Tshililo waha Muzila’s A Little Man From The Congo follows the director as he walks the Camino de Santiago in an orange life jacket, exposing Europe’s migrant crisis while reflecting on colonial legacies shaping Black identity across continents. Nicole Schafer’s Mama-Demic is set inside a South African maternity ward as a doctor balances motherhood and medical training, whilst confronting a collapsing health system, at the frontlines of the COVID-19 pandemic. Jihan’s My Father and Qaddafi, a United States and Libyan co-production, sees a daughter reconstructing the disappearance of her father, Libyan diplomat Mansur Kikhia, uncovering a decades-long silence shaped by Qaddafi’s reign of political violence, in her search for truth and justice.
Elan Gamaker’s My Father’s Son follows two estranged South African brothers who meet online for the first time and, through Zoom calls. The documentary uncovered a shared past shaped by separation, trauma, and unexpected brotherhood. Adrian Van Wyk & Chris Kets’ Notes From the Underground features Cape Town’s hip hop talents, including Ready D, Isaac Mutant, and Mutant’s daughter, Lyrix. The documentary tells the history of Cape hip hop and its role in post-apartheid South Africa.

Ben Proudfoot’s The Eyes of Ghana tells the story of Kwame Nkrumah, the first president of Ghana, who recognised the extraordinary power of cinema as a tool for resistance and cultural change. Marjolijn Prins’ Fantastique, a Belgium, France, Netherlands, and Guinea co-production, is a magic-realistic documentary that follows the 14-year old contortionist Fanta in Guinea Conakry. Sam Pollard’s Tutu, a United States, United Kingdom, and South African co-production, is a portrait of Desmond Tutu, the rebel Archbishop who helped end Apartheid, changing the soul of a nation and inspiring generations worldwide.

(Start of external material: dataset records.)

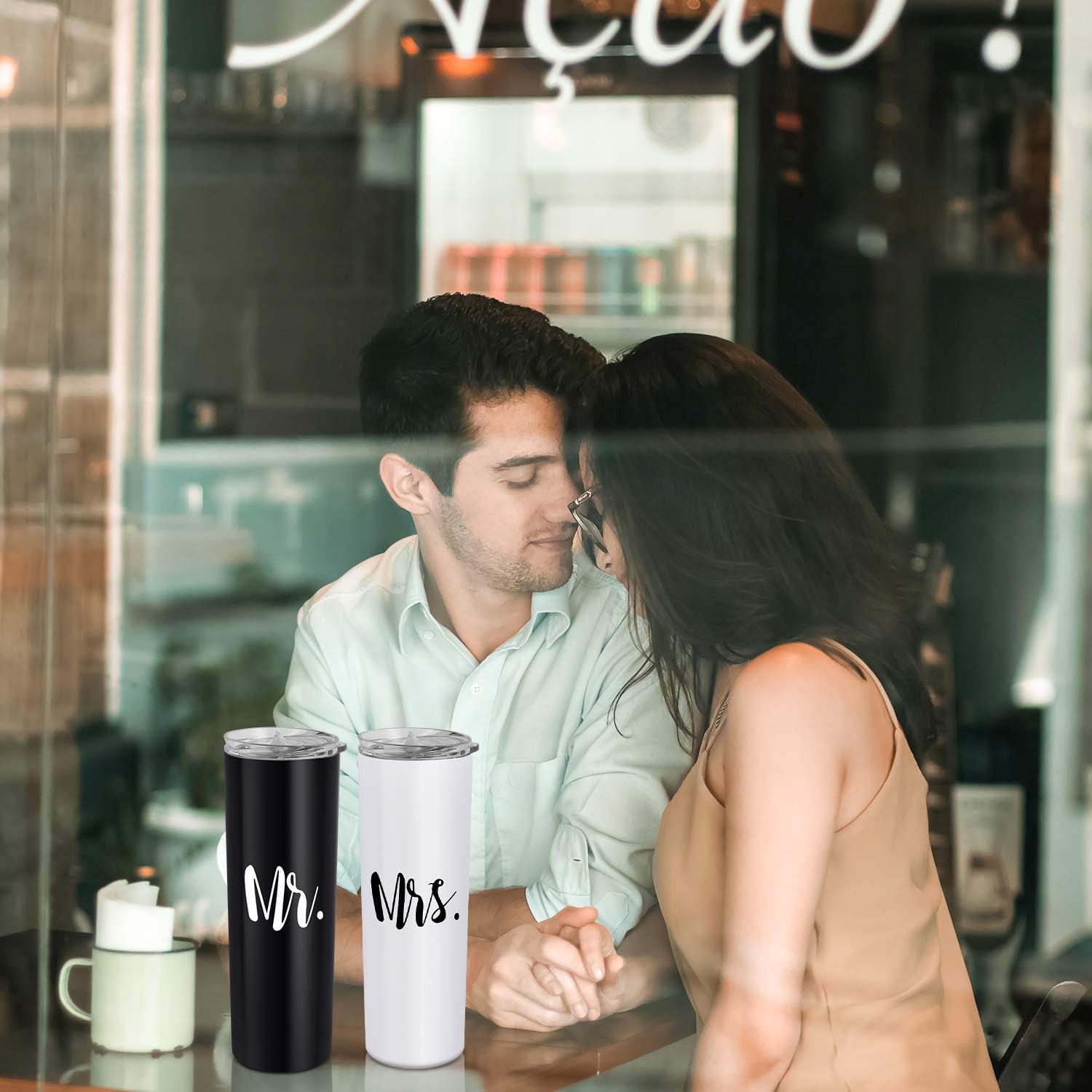 Qtencas Mr and Mrs Stainless Steel Insulated Tumbler Set, 20oz Wedding Gifts for Couples - Image 6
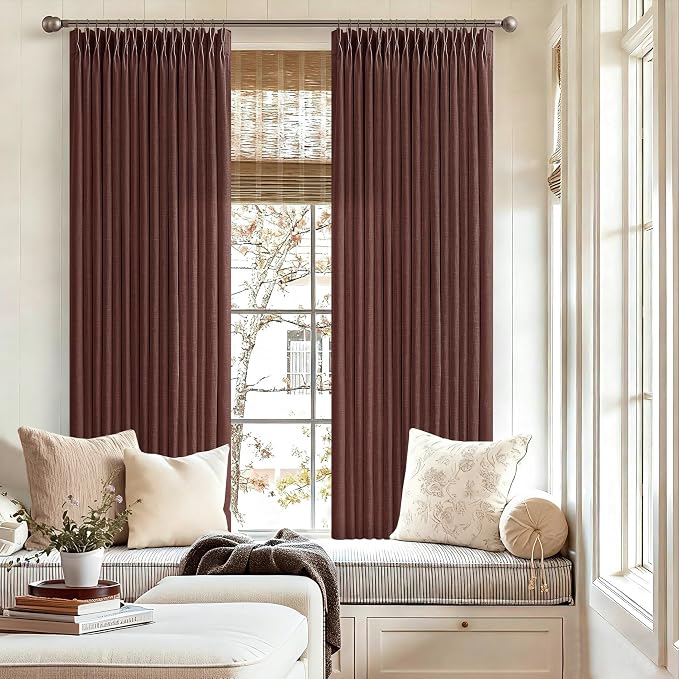63 Inch Memory Train Linen Pleat Semi Sheer Reddish Brown Kitchen Curtains | - Image 6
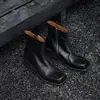 Botas de Cuero de Caballo Lavado Botines de Mujer Invierno Nuevo Estilo Piel Genuina Cremallera Lateral Punta Cuadrada Tacón Grueso Tacón Alto Botas Individuales Botines de Mujer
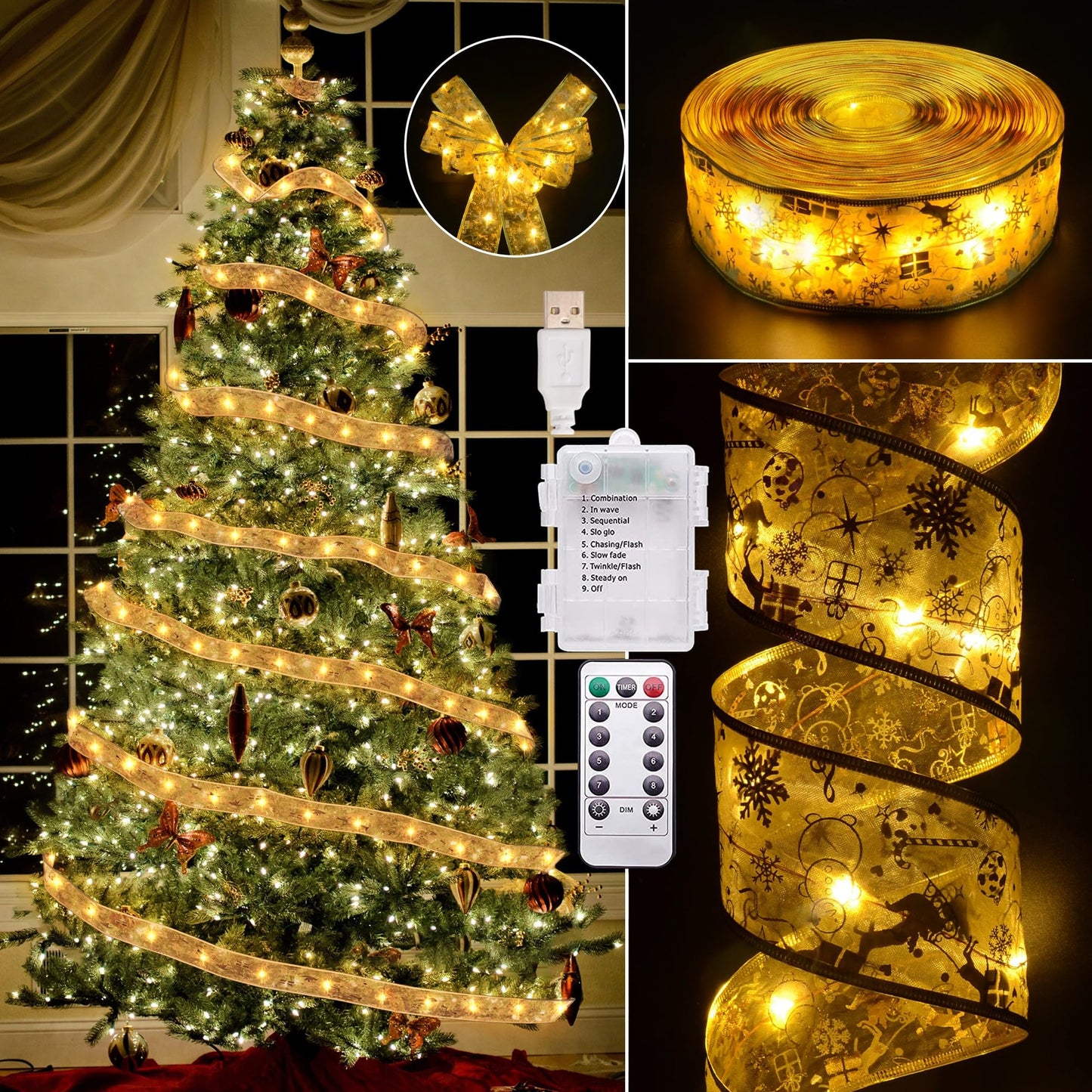 Vimorg Christmas Decorations - 2.5Inch x 66Ft 200 Led Christmas Tree Ribbon Lights with 8 Lighting Modes, Battery Operated & USB Powered Fairy String Lights with Timer for Xmas Tree Decor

Patience Nitumwesiga’s The Woman Who Poked the Leopard is a Ugandan and German co-production that recounts the story of Ugandan poet and activist Stella Nyanzi’s relentless attempt to challenge the violent status quo of President Yoweri Museveni makes for gripping viewing.
The festival is now organised by the Encounters Training and Development Institute and has, through its programming, conversations, and panels, advanced the currency of documentaries in the country and region by supporting new productions and giving an African platform to international documentaries.